Hearing: 27–28 May 1981 Judgment: 1 December 1981
- Full case name: The Minister of Justice of Canada and the Minister of Finance of Canada v Joseph Borowski
- Citations: [1981] 2 SCR 575
- Prior history: APPEAL from Borowski v. Minister of Justice of Canada and Minister of Finance of Canada, 1980 CanLII 2279 (5 November 1980)
- Ruling: Appeal dismissed

Court membership
- Chief Justice: Bora Laskin Puisne Justices: Ronald Martland, Roland Ritchie, Brian Dickson, Jean Beetz, Willard Estey, William McIntyre, Julien Chouinard, Antonio Lamer

Reasons given
- Majority: Martland J, joined by Ritchie, Dickson, Beetz, Estey, McIntyre and Chouinard JJ
- Dissent: Laskin CJ, joined by Lamer J

= Canada (Minister of Justice) v Borowski =

Canada (Minister of Justice) v Borowski, [1981] 2 S.C.R. 575 is a landmark Supreme Court of Canada decision on the standard for allowing public interests to gain standing to challenge a law. The Court developed what is known as the Borowski test for public interest standing.

==Background==
Joseph Borowski was a prominent anti-abortion activist in Saskatchewan who wanted to challenge the abortion provisions under section 251(4), (5), and (6) of the Criminal Code as violations to right to life in the Canadian Bill of Rights.

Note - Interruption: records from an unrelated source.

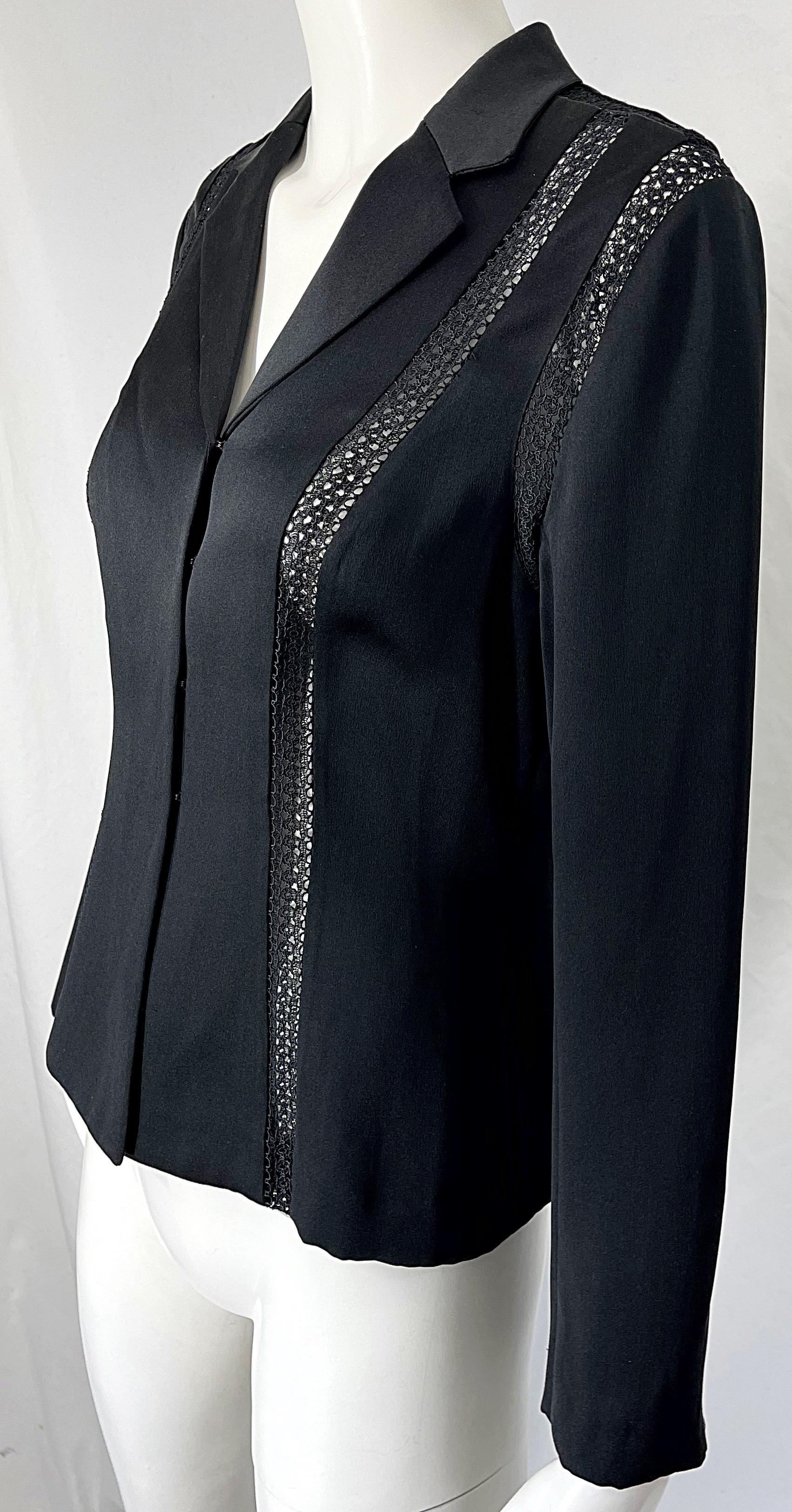 1990s Richard Tyler Size 4 Black Silk Cut - Out Vintage 90s Blouse Shirt Top For Sale 6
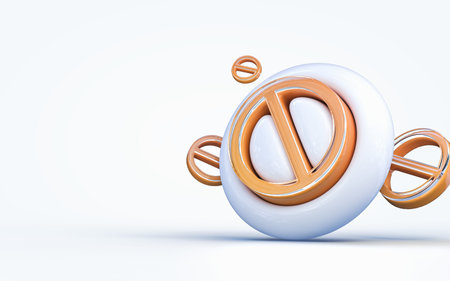 realistic 3d rendering ban sign 3d rendering icon on white glossy backgroundの写真素材
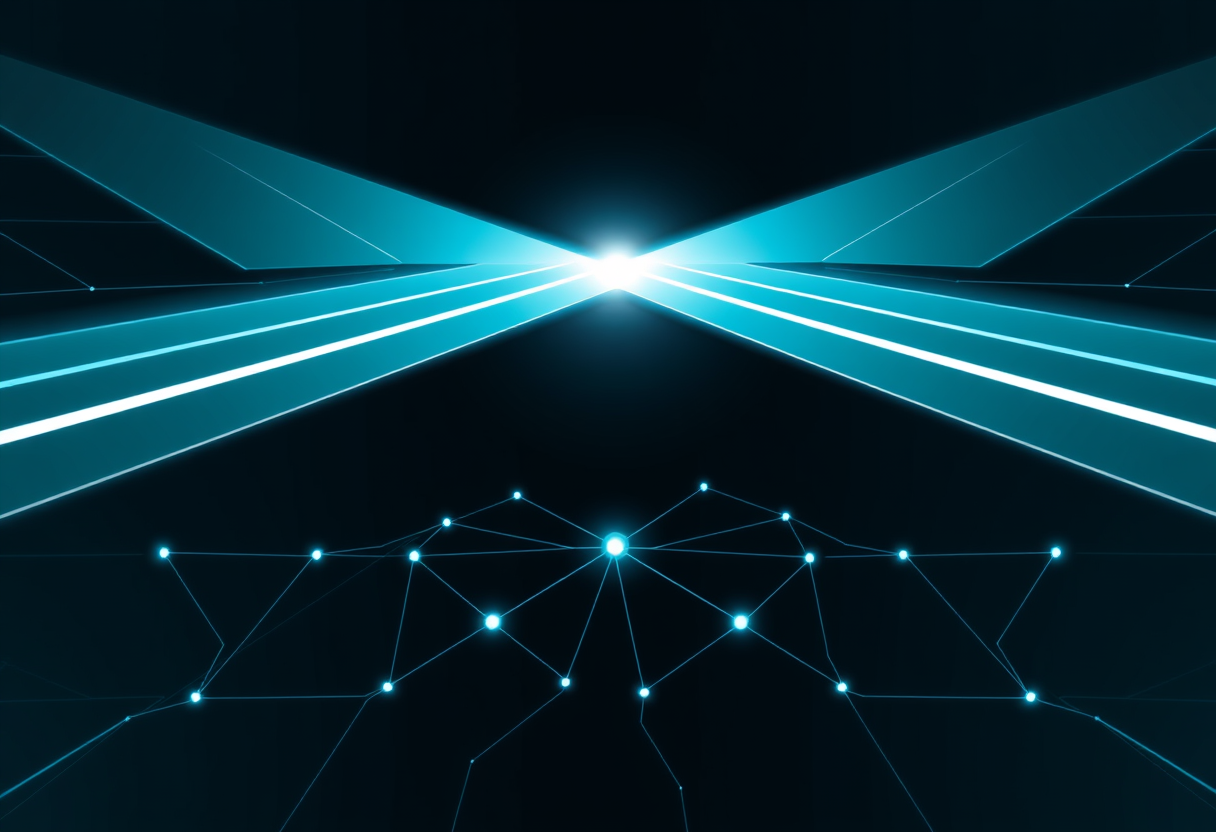 Intersecting light beams form a glowing neural network web symbolizing complex digital logic.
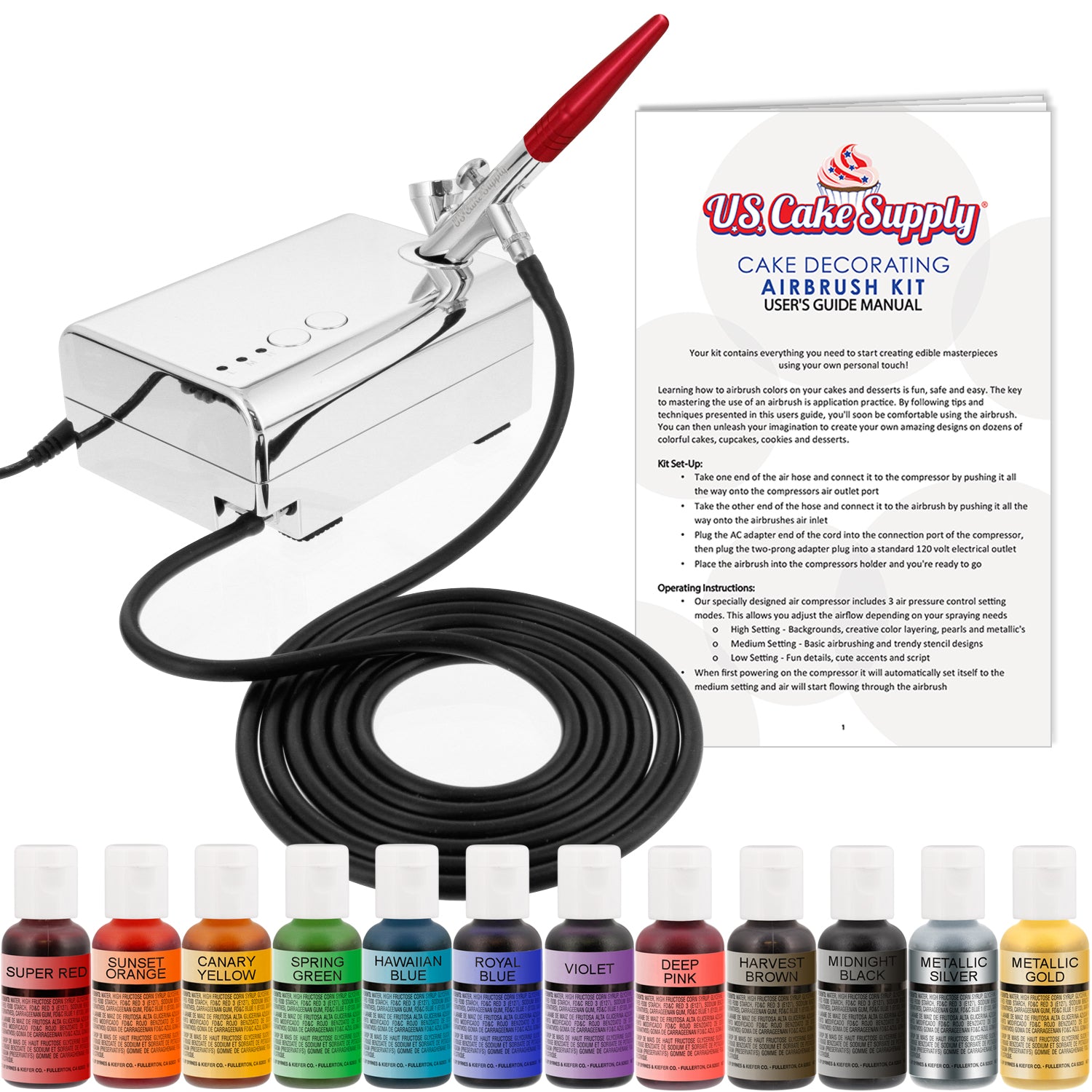 Cake Decorating Airbrush Kit 12 Vivid Airbrush Food Colors – TCP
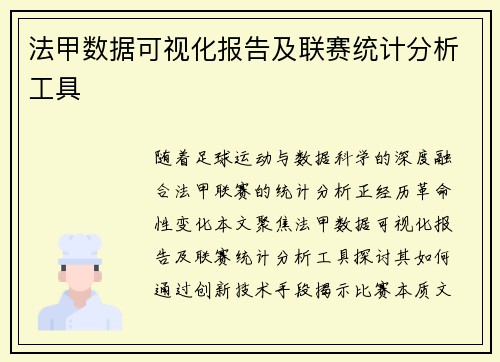 法甲数据可视化报告及联赛统计分析工具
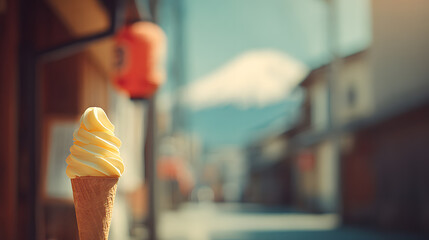 A close-up of a vibrant, creamy ice cream cone shows the smooth texture catching the glow of soft daylight. The blurred background reveals a narrow street with traditional Japanese design elements,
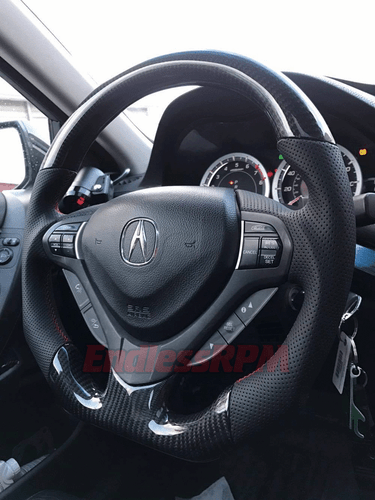 custom acura tsx steering wheel carbon fiber and woodgrain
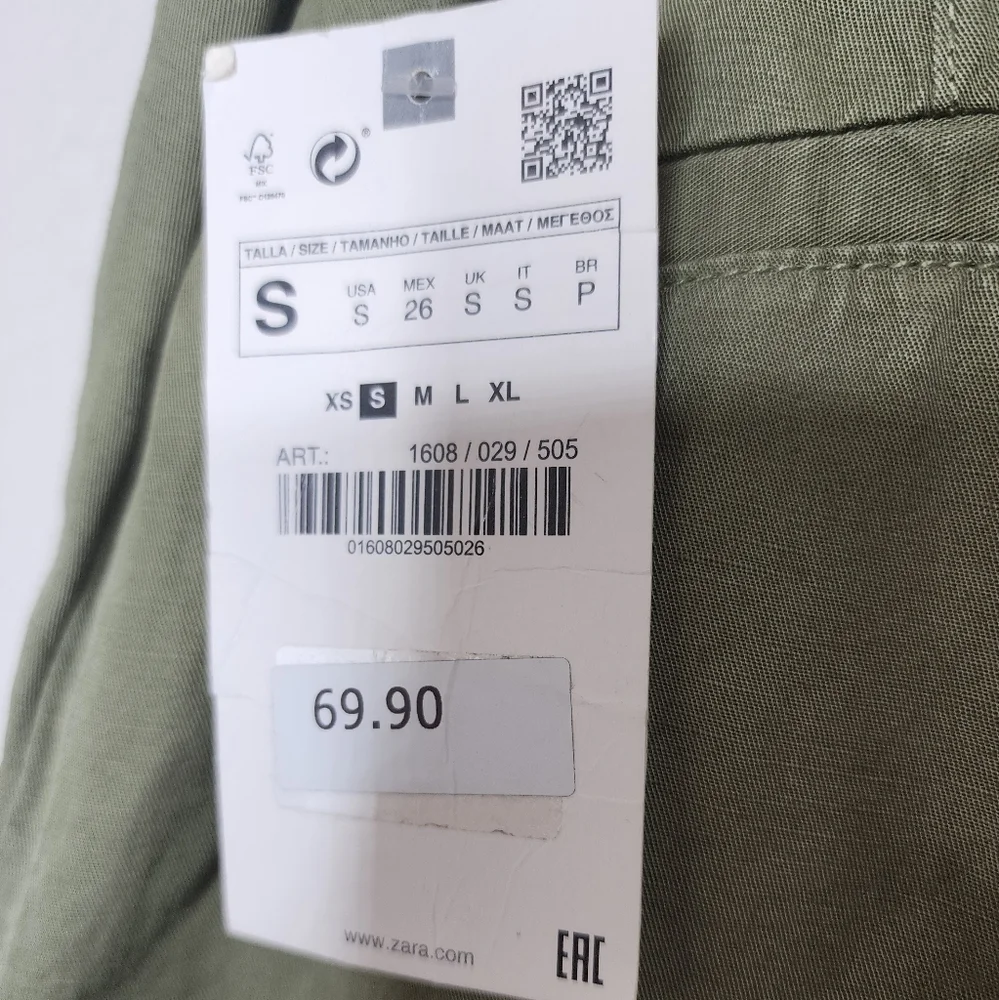 Zara High Waist Belted Cargo Trousers in Olive Green Size S New With Tags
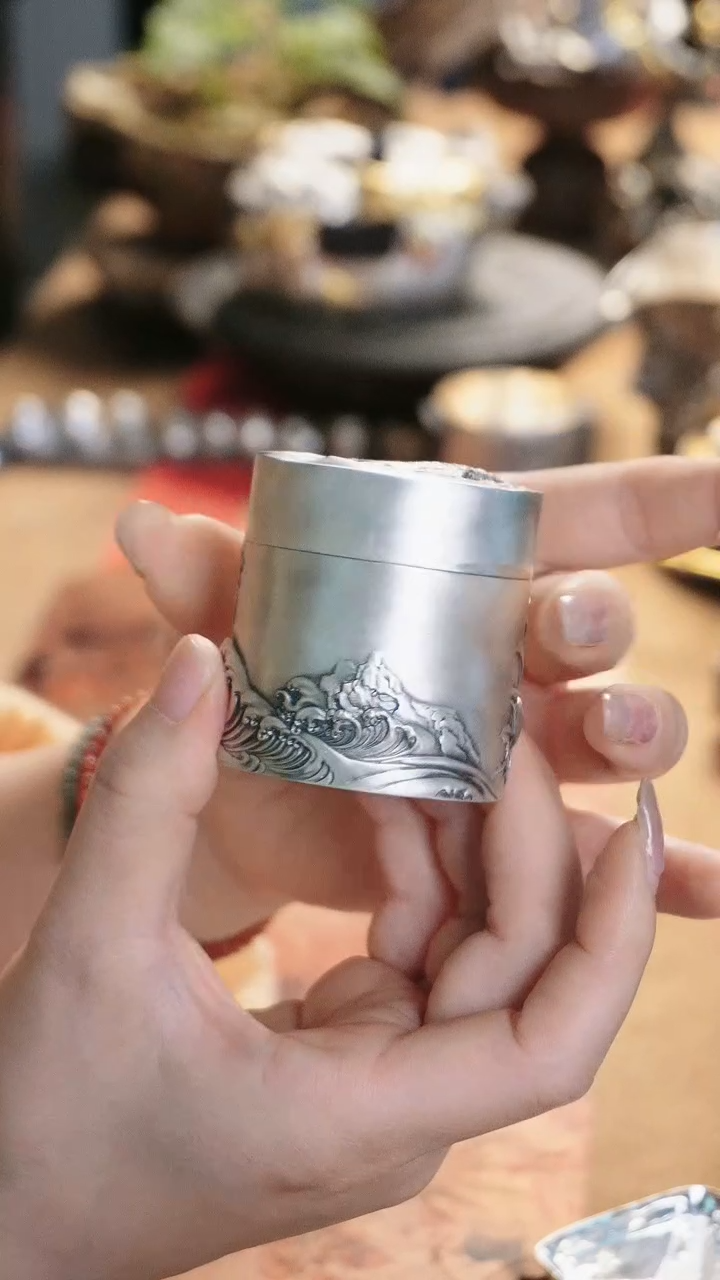 【闪购商品】纯银寿桃锦鲤茶叶罐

In a seven to two decision the Court found that Borowski had standing to challenge the law.

==Reasons of the court==
Justice Martland, wrote the decision for the majority. Martland's reasoning was largely based on the previous decision of Thorson v. Attorney General of Canada, [1975] 1 S.C.R. 138. He stated that a plaintiff seeking a declaration to invalidate a law must show that they are directly affected by it, or have a genuine interest as a citizen and there be no reasonable and effective alternative means to challenge the law.

Borowski was found to meet this requirement as it would be difficult to bring such an issue to court without having an interest group make a challenge.

==Commentary==
The test was later re-articulated more narrowly in the decision of Canadian Council of Churches v. Canada (Minister of Employment and Immigration), [1992] 1 S.C.R. 236.